FARMÁCIA VIVA I – Instalação do Horto de Plantas Medicinais em Unidades de Farmácias Vivas Comunitárias e/ou unidades do SUS mantidas sob supervisão dos profissionais do serviço público estadual/municipal de fitoterapia. Tem como finalidade realizar o cultivo e garantir à comunidade assistida o acesso às plantas Medicinais “in natura” e a orientação sobre a preparação e o uso correto de plantas medicinais e preparação de remédios caseiros, realizada por profissionais capacitados;

 

FARMÁCIA VIVA II – Instalação do Horto de Plantas Medicinais em Unidades de Farmácias Vivas Comunitárias e/ou unidades do SUS com a preparação/dispensação de plantas medicinais secas (drogas Vegetal) destinadas ao provimento das unidades de saúde do SUS.

 

A matéria-prima vegetal será submetida às operações primárias em áreas específicas, de acordo com as Boas Práticas de Processamento (BPP) e poderá também ser produzida através do desenvolvimento da agricultura familiar credenciada.

 

FARMÁCIA VIVA III – Instalação do Horto de Plantas Medicinais, preparação de fitoterápicos em Oficina Farmacêutica; prescrição e dispensação de fitoterápicos nas Unidades de Referência do SUS.

 

Hortos de referência

 

No nosso Estado, contamos com um Horto Matriz (Horto de Plantas Medicinais Professor Francisco José de Abreu Matos do Projeto Farmácias Vivas da Universidade Federal do Ceará) e o Horto Oficial (Horto de Plantas Medicinais da Secretaria de Saúde do Estado do Ceará).
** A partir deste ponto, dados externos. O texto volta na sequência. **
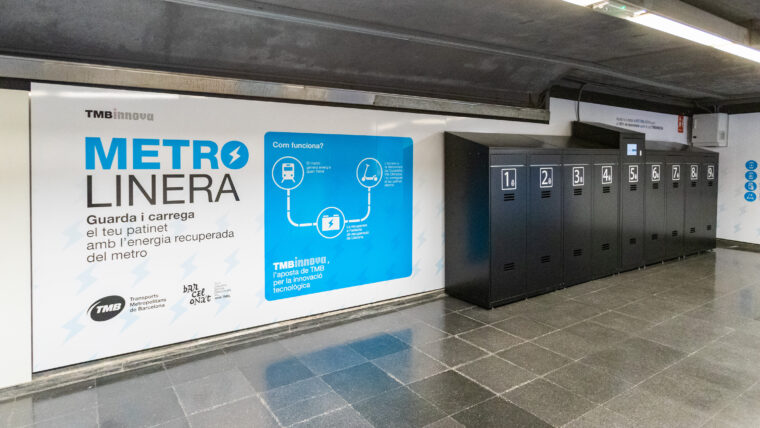 В Испании появилась возможность заряжать электросамокаты с помощью энергии от тормозов вагонов метро 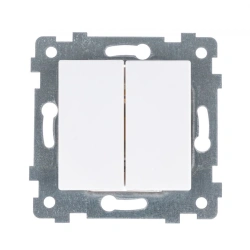 Axiom Dual Switch Mechanism for Concealed Installation C510-449, White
Por meio de convênio entre estes dois setores, os trabalhos são desenvolvidos de maneira integrada, por meio dos quais são repassadas mudas certificadas de plantas medicinais, bem como importante apoio técnico-científico para a implantação e implementação de unidades Farmácias Vivas nos municípios cearenses.

 

Hortos dos municípios

 

Os hortos municipais recebem as mudas certificados dos Hortos de referência e tem como objetivo principal produzir matéria prima para a preparação de fitoterápicos das Farmácia viva III e para os serviços farmacêuticos das Farmácias Vivas I e II.

 

Requisitos Mínimos para Implantação do Horto Medicinal

 

 

As áreas dos hortos devem ter no mínimo 50m², ser plana, cercada ou murada, longe de esgotos ou córregos contaminados e que tenha uma fonte de água próxima.

 

Os canteiros devem ter tamanho de acordo com o tamanho da área disponível pelo município, onde o tamanho padrão é de 1m de largura por 10 m de comprimento.